The Lawrence Arms chronology
| Ghost Stories (2000) | Shady View Terrace / The Lawrence Arms (2000) | Present Day Memories (2001) |

= Shady View Terrace / The Lawrence Arms =

Shady View Terrace / The Lawrence Arms split EP is a 2000 punk rock EP by the Branchville, New Jersey band Shady View Terrace and the Chicago, Illinois band The Lawrence Arms. It was originally released in 2000 by Castaway Records on CD format, and was re-released later that same year by Asian Man Records. Both are currently out of print, however all of the Lawrence Arms tracks have been reissued on the B-sides album Cocktails & Dreams.

==Background==
Paul of Castaway Records contacted The Lawrence arms and asked them if they wanted to do a split. It was the label's first release, and he paid for them to record.

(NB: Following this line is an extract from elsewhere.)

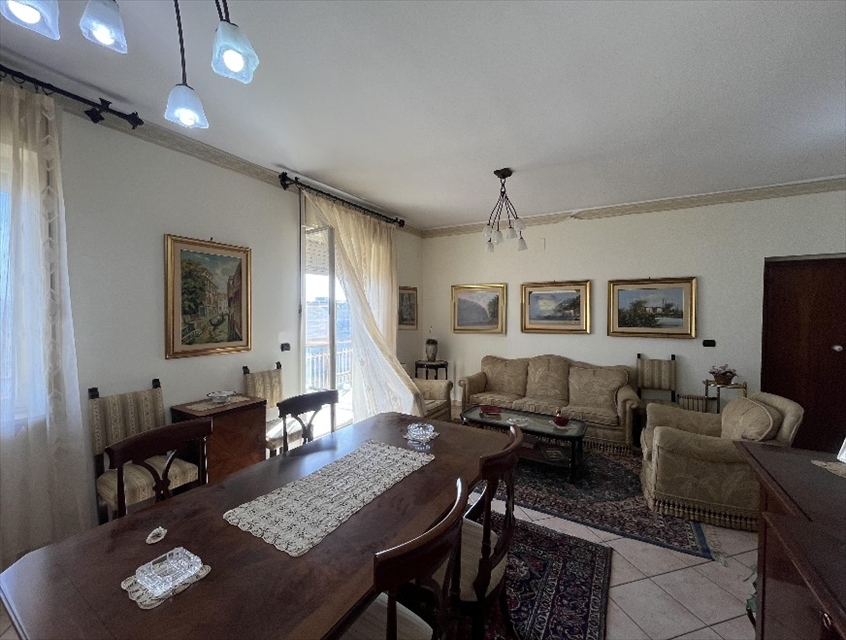 Appartamento con box in via sofio ferrero, Siracusa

It marks the first time The Lawrence Arms recorded with Matt Allison, who they would go on to record with for all their other releases. On the other half of the split was the New Jersey emo band, Shady View Terrace. They mixed emotional lyrics about failed relationships with clean and screaming vocals. Castaway Records soon fell apart, and Asian Man Records re-released it. The artwork was designed by math-nerd Ricardo Saporta.

==Track listing==
Side 1: Shady View Terrace
1. "I Hope You're Alone"
2. "Guardrails Can't Keep Me In"
3. "The Way She Felt"
4. "Fatt"
5. "Quiet Rides and Birthday Cards"
6. "Kissing a Memory"
Side 2: The Lawrence Arms
1. "A Boring Story"
2. "Faintly Falling Ashes"
3. "A Toast"
4. "Nebraska"
5. "Another Boring Story"

==Performers==
Shady View Terrace
- Billy McGovern - vocals
- Chris Lecko - guitar, vocals
- Mike Gratcofsky - guitar
- Joe Gratcofsky - bass
- Paul Jaffre - drums

The Lawrence Arms
- Chris McCaughan - guitar, vocals
- Brendan Kelly - bass, vocals
- Neil Hennessy - drums

==Album information==
- Record label: Castaway Records, Asian Man Records
- The Lawrence Arms tracks recorded at Atlas Studios on June 21 and June 22, 2000. Produced by Matt Allison
- Shady View Terrace recorded tracks 1, 5, and 6 in June 2000. Tracks 2, 3, and 4 were recorded at NADA studios in December, 1999. Produced by John Naclerio and Shady View Terrace.